Bloomfield, 73, now of St. Paul, Minn., appeared before a Ramsey County judge Thursday for a brief hearing to determine whether he would fight extradition back to Johnson County. Dressed in a short-sleeve orange jail jumpsuit and separated from the judge and his public defender by a short wooden wall and glass partition, Bloomfield said he would agree to be sent back to Johnson County to stand trial for first-degree murder.

Taking off his glasses to read the paperwork presented to him by the attorney, Bloomfield answered in single word responses when asked if he understood the implications of the extradition process.

Iowa City lawyer Leon Spies, who will be representing Bloomfield upon his return to Iowa, said he didn't know what kind of "lag time" would exist between Thursday's hearing and his client's return to Johnson County.

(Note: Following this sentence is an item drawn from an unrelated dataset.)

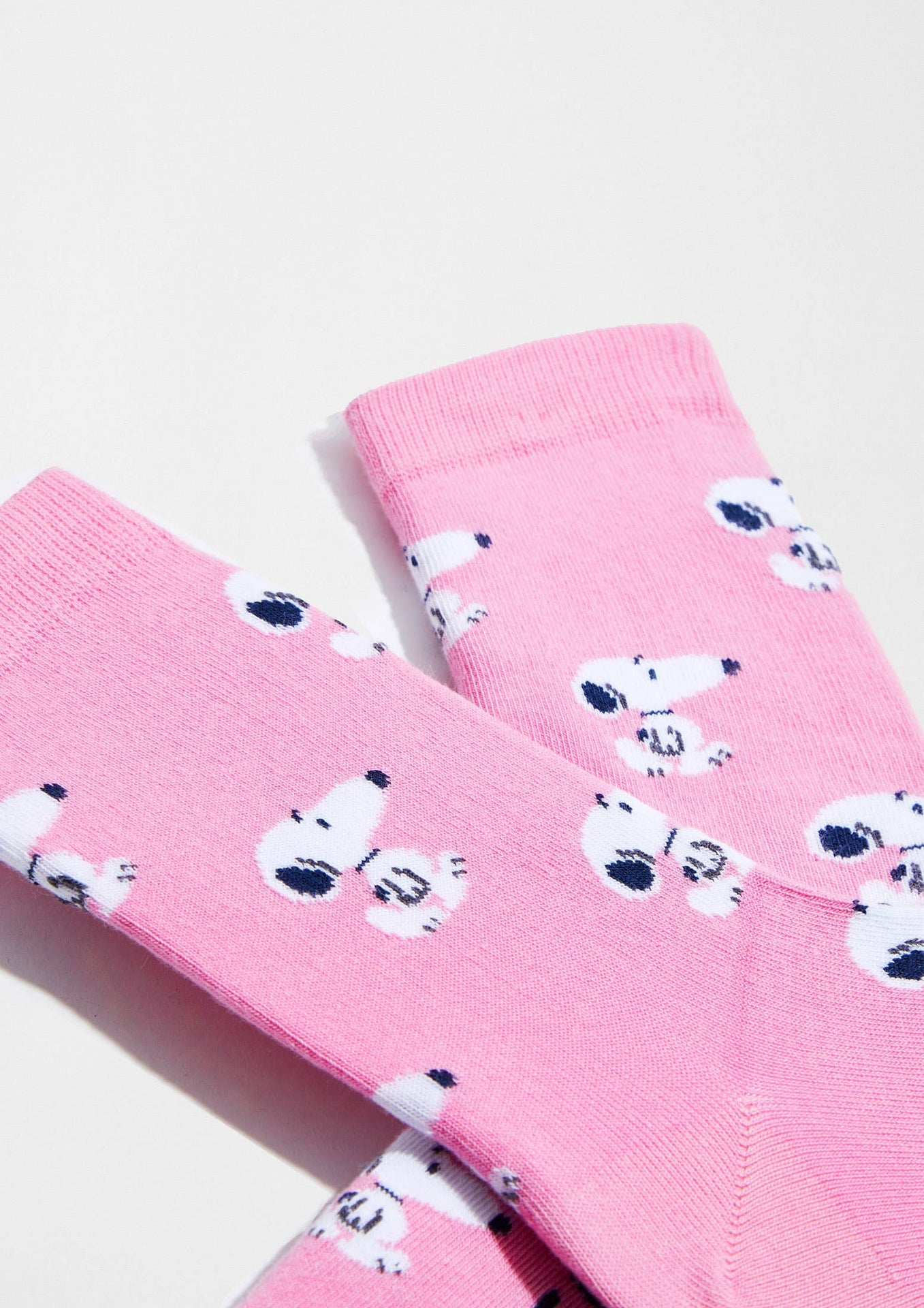 Chaussettes BeSnoopy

"The county attorney will have to decide when they decide to fill a trial information," Spies said. "After that he’ll have an arraignment and we’ll enter a not guilty plea and the case will be set for trial."

Johnson County Attorney Janet Lyness said Bloomfield should be back in Iowa City within a couple weeks. Conditions of his release will be determined within 24 hours of his initial appearance in Iowa City court.

“We’ll proceed on like any other case,” she added.

Spies has said his client is in poor health and, given that, there are some "logistical problems" in getting him from St. Paul to Iowa City. He said Ramsey County, Minn. and Johnson County authorities are currently sorting out those matters.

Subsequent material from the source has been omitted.